Different definitions lead to different ways of assessing the condition, so a child might be identified as dyslexic if he or she is assessed according to one definition, but not if they were assessed based on an alternative definition.3
Educationalists and special interest groups often prefer broader, more inclusive definitions because this means more people get recognised as dyslexic and are more likely to get support.

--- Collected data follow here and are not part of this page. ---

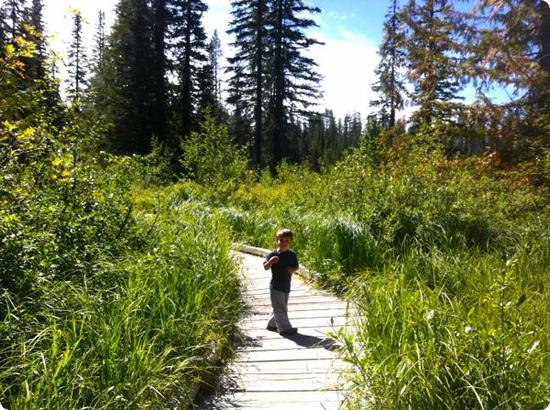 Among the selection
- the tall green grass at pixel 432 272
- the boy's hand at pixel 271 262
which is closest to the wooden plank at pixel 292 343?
the tall green grass at pixel 432 272

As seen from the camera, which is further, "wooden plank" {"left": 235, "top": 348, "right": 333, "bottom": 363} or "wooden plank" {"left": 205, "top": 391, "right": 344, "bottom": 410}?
"wooden plank" {"left": 235, "top": 348, "right": 333, "bottom": 363}

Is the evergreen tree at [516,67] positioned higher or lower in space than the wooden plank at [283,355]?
higher

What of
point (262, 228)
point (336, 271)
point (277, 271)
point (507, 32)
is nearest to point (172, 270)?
point (277, 271)

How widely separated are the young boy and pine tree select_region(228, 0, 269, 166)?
19.2m

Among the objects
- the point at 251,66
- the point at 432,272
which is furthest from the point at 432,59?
the point at 251,66

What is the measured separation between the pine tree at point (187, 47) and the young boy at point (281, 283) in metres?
24.6

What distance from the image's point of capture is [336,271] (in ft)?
18.7

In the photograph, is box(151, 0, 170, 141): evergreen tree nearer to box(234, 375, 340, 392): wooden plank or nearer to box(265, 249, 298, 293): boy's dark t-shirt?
box(265, 249, 298, 293): boy's dark t-shirt

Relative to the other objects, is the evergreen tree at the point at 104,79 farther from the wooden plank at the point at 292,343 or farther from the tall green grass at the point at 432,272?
the wooden plank at the point at 292,343

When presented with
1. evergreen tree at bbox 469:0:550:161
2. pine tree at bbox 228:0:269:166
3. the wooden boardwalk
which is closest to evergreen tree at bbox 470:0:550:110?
evergreen tree at bbox 469:0:550:161

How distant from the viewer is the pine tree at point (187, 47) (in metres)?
27.6

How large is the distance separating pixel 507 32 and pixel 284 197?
7148 millimetres

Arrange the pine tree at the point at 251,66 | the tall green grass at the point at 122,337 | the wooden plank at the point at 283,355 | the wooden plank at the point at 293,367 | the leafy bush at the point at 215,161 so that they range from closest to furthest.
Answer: the tall green grass at the point at 122,337, the wooden plank at the point at 293,367, the wooden plank at the point at 283,355, the leafy bush at the point at 215,161, the pine tree at the point at 251,66

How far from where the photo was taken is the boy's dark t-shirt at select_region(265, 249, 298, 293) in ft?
14.3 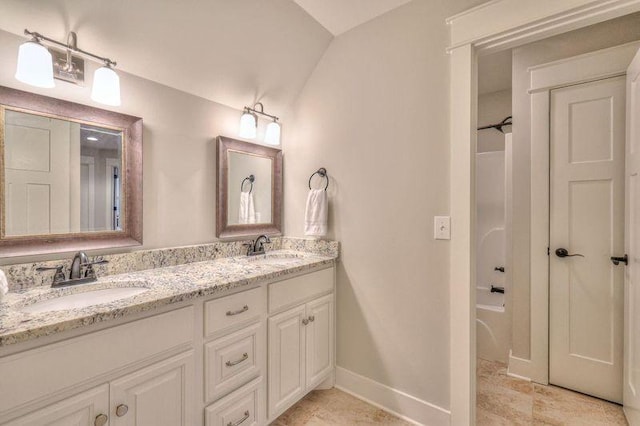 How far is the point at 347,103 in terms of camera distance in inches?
77.5

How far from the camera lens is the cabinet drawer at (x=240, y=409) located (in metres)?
1.27

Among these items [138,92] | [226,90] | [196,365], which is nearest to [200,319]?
[196,365]

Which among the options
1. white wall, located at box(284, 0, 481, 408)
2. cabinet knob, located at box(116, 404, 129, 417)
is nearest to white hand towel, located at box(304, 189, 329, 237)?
white wall, located at box(284, 0, 481, 408)

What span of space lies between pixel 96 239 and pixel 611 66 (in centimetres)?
303

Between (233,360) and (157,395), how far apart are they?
1.10ft

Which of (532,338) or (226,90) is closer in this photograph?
(226,90)

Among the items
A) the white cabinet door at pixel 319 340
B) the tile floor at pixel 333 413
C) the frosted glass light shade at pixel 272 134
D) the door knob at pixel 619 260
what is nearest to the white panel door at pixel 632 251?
the door knob at pixel 619 260

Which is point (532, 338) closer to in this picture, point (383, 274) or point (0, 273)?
point (383, 274)

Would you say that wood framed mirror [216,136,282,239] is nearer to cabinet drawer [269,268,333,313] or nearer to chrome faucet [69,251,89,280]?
cabinet drawer [269,268,333,313]

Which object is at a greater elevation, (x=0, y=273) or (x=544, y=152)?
(x=544, y=152)

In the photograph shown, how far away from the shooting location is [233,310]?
1.36m

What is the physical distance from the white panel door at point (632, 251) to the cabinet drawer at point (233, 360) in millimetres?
1884

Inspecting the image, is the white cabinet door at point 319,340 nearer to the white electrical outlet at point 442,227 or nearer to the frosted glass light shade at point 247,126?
the white electrical outlet at point 442,227

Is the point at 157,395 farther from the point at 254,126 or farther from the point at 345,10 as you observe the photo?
the point at 345,10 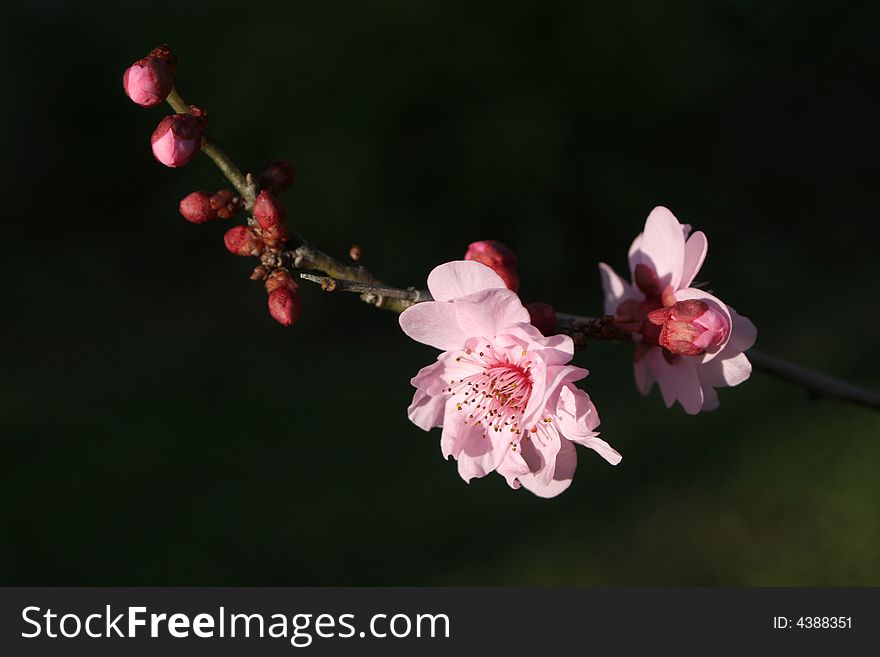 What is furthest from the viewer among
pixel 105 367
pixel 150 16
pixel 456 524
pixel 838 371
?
pixel 150 16

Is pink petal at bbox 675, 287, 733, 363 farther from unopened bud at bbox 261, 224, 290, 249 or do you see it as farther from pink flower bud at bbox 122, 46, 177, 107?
pink flower bud at bbox 122, 46, 177, 107

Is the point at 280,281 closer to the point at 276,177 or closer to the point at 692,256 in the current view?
the point at 276,177

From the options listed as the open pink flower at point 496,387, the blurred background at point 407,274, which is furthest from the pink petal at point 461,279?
the blurred background at point 407,274

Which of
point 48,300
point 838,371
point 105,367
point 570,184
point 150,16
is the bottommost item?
point 838,371

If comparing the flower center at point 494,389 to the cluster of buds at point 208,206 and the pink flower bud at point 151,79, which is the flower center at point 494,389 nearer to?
the cluster of buds at point 208,206

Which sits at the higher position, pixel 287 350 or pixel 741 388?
pixel 287 350

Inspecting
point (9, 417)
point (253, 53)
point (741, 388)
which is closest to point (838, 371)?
point (741, 388)

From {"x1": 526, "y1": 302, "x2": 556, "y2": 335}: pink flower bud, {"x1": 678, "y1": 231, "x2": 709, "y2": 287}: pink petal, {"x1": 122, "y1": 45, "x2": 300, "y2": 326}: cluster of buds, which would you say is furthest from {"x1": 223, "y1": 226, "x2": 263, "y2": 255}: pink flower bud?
{"x1": 678, "y1": 231, "x2": 709, "y2": 287}: pink petal

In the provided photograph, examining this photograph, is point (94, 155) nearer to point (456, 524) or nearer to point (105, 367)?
point (105, 367) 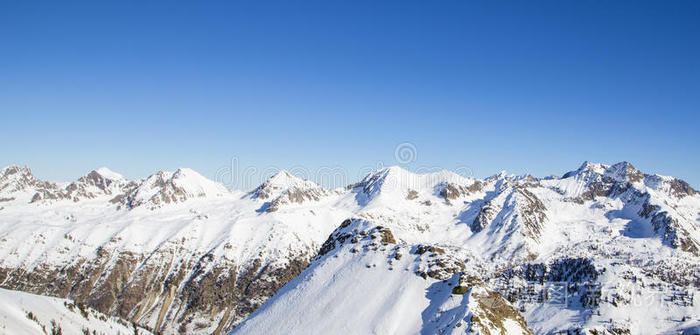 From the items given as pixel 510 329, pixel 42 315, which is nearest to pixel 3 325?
pixel 42 315

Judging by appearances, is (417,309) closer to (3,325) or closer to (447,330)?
(447,330)

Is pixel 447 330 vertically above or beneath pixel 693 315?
beneath

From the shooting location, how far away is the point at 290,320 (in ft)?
314

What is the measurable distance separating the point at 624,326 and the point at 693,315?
4003cm

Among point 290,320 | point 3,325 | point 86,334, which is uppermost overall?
point 290,320

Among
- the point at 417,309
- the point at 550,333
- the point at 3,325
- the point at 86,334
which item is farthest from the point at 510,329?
the point at 550,333

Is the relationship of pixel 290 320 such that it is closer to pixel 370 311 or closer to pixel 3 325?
pixel 370 311

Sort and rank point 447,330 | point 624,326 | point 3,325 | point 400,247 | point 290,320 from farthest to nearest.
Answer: point 624,326 < point 400,247 < point 290,320 < point 3,325 < point 447,330

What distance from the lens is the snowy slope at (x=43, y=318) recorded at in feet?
314

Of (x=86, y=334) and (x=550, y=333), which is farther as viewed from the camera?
(x=550, y=333)

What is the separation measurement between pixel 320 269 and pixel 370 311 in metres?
27.1

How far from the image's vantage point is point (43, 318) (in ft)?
366

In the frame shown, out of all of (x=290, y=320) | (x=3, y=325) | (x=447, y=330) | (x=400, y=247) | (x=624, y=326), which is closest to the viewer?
(x=447, y=330)

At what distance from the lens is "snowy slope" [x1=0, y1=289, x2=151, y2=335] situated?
95.6 m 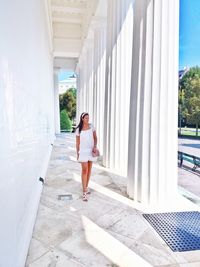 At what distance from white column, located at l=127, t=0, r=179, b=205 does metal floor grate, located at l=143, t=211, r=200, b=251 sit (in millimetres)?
362

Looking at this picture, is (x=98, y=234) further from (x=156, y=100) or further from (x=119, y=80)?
(x=119, y=80)

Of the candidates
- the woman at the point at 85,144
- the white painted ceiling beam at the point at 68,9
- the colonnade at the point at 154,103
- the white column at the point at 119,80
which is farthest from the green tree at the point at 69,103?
the colonnade at the point at 154,103

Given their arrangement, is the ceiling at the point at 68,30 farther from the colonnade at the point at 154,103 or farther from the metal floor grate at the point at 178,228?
the metal floor grate at the point at 178,228

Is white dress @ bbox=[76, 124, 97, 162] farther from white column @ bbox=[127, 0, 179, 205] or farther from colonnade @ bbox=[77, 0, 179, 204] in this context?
white column @ bbox=[127, 0, 179, 205]

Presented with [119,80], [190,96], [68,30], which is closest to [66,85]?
[68,30]

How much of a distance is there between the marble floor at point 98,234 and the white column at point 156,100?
1.27ft

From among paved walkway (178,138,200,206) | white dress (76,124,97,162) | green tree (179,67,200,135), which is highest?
green tree (179,67,200,135)

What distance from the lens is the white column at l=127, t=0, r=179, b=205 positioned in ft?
10.7

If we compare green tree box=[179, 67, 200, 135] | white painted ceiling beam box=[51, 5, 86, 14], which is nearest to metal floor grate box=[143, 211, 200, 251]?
green tree box=[179, 67, 200, 135]

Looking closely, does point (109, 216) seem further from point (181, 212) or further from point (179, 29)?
point (179, 29)

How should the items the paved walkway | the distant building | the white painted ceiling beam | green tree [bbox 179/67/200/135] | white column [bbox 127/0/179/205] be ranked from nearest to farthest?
white column [bbox 127/0/179/205] < green tree [bbox 179/67/200/135] < the paved walkway < the white painted ceiling beam < the distant building

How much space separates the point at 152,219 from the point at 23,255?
1600mm

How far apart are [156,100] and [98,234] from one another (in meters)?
1.88

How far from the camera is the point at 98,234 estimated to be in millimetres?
2598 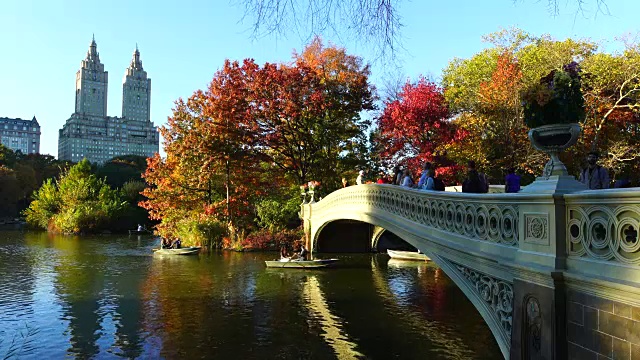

However, there comes a point where a definition can be so broad that almost anyone can fit into it. Indeed, some people have even argued that individuals with normal reading abilities might be dyslexic if they exhibit other symptoms, such as being a bit disorganised for example. 3
When a child undergoes an assessment for dyslexia, they are not just assessed on their reading or spelling ability.
It’s common practice to ask about or look for other symptoms, such as lack of phonological awareness, poor short-term memory, slow processing of information, letter reversals, disorganisation and clumsiness, to name but a few. 3
However, there is no clear agreement about which of these symptoms need to be present before a child is diagnosed as dyslexic. Moreover, some clinicians will describe children as dyslexic even if none of these symptoms are present.
Some assessments also include IQ tests, although it’s not clear why. Most academics agree that dyslexia has nothing to do with basic intelligence. Some dyslexic people have very high IQs and others have average or below average IQs.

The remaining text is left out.